*** Supplied records ***

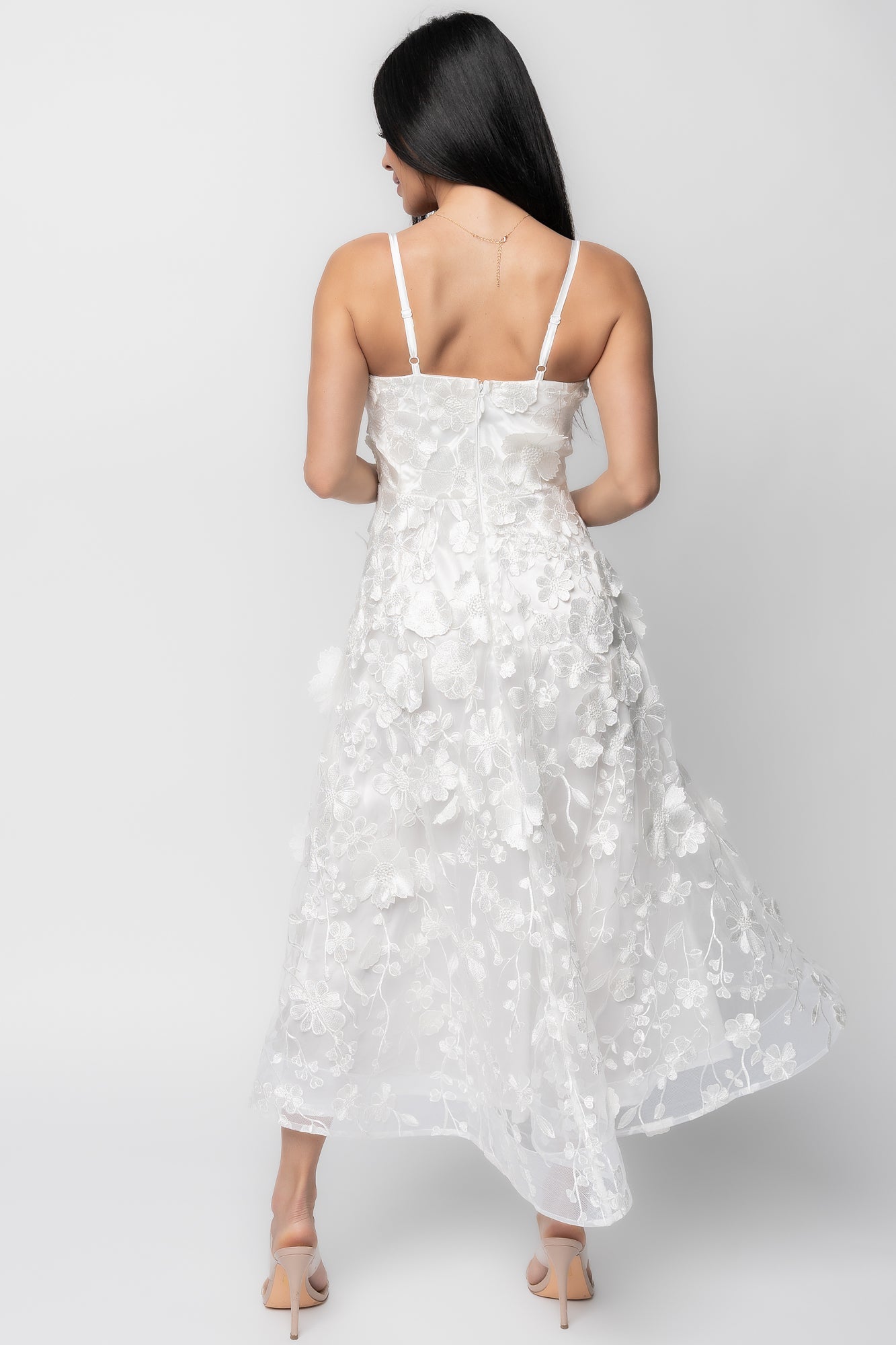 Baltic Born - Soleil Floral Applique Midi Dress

*** End of Supplied records ***
*** Supplied records ***

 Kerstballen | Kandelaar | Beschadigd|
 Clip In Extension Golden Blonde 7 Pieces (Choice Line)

*** End of Supplied records ***

_Task:_ Scan the records above for the lines holding "Kerstballen | Kandelaar | Beschadigd|" and "Clip In Extension". Transcribe those two and every line between them word for word, and no others.

_Answer space:_
 Kerstballen | Kandelaar | Beschadigd|
 Clip In Extension Golden Blonde 7 Pieces (Choice Line)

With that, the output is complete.